2. The marine pipe coating cleaning device according to claim 1, characterized in that the turret (2) is a semi-closed structure, in a C-shape or semi-circular shape.

3. The cleaning device for the coating of the marine pipe as claimed in claim 1, wherein the outer side surfaces of the roller (14) and the driven wheel (1512) are provided with concave structures along the circumference, and the shape of the concave structures corresponds to the arc shape of the outer wall surface of the marine pipe (4).

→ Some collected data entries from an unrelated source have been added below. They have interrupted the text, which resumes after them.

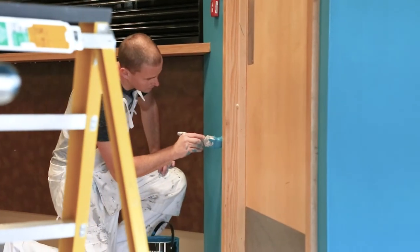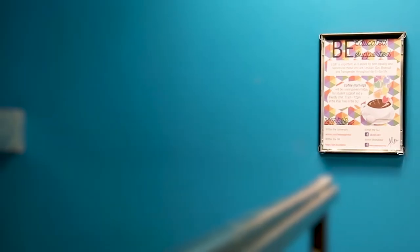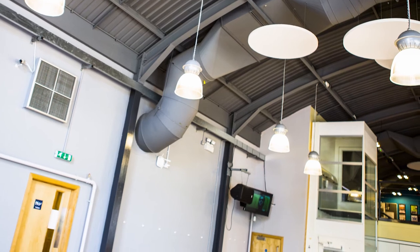We met Crown Paints at the Findit Worcestershire event and gave them the opportunity to develop a specification of paints for our Student Union building. They came back to us with a palette of colours and worked alongside our Student Union representatives to choose a new paint scheme for this project. We're halfway through the project so you can see the contrast between the old paint scheme and the new.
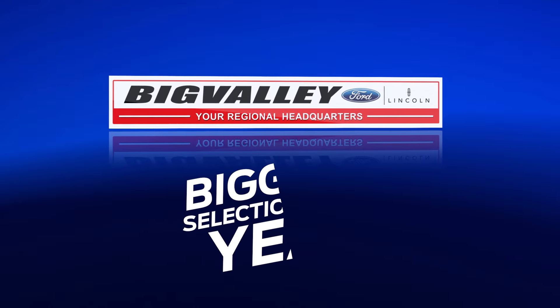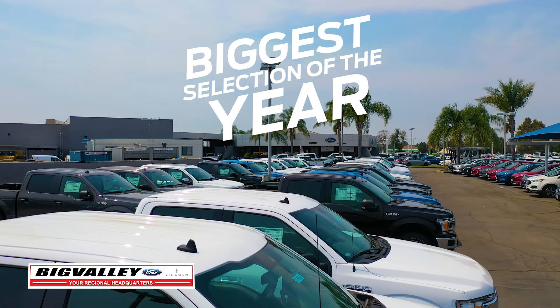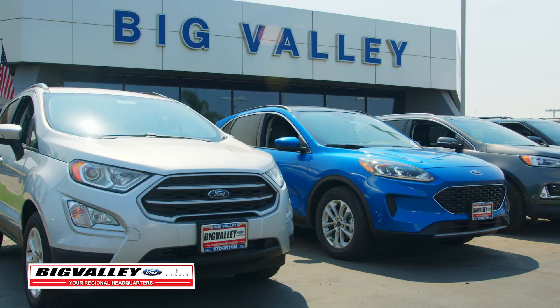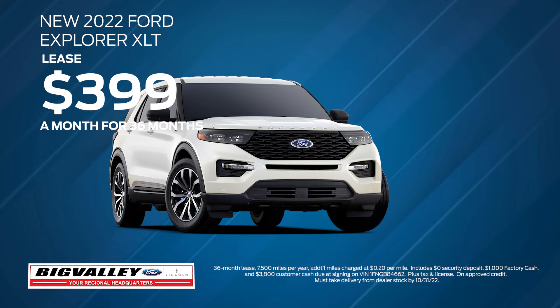It's the best time of the year to buy your new truck or SUV, because Big Valley Ford has our biggest selection of the entire year. Our selection is big. That means you'll find what you're looking for, and our pricing is straightforward and clearly marked. Right now,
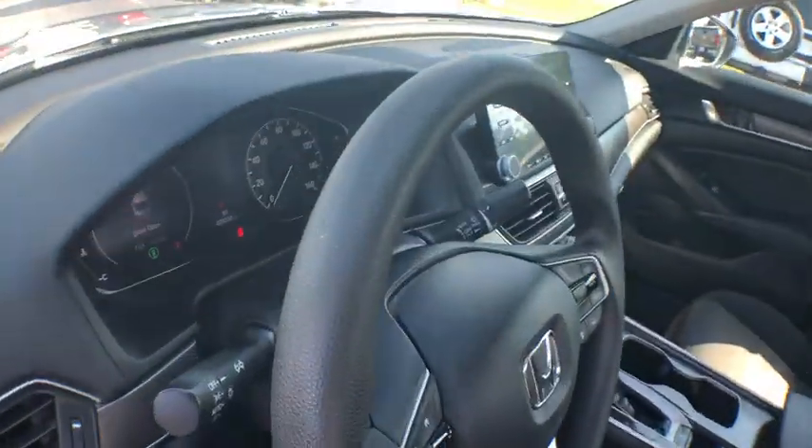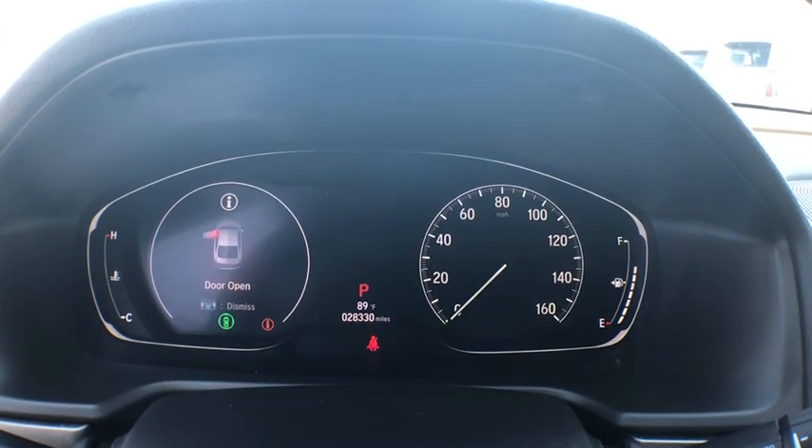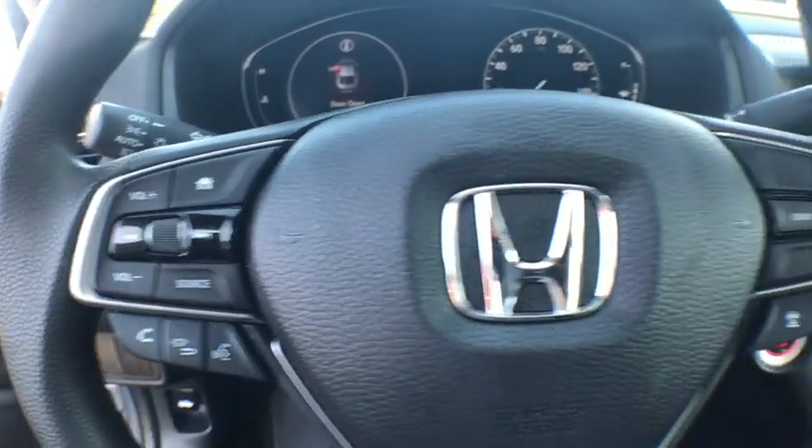Traction control, dual airbags, alloy wheels, power steering, four-wheel disc brakes, rear window defroster, power windows, security system, electronic stability control, trip computer.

4. Marine pipe coating cleaning apparatus according to any one of claims 1 to 2, wherein a distance measuring sensor for detecting a distance from the high pressure nozzle (3) to the surface of the marine pipe (4) and an adjusting unit for adjusting a distance from the high pressure nozzle (3) to the surface of the marine pipe (4) according to the measured distance are further provided on the clamping body (11).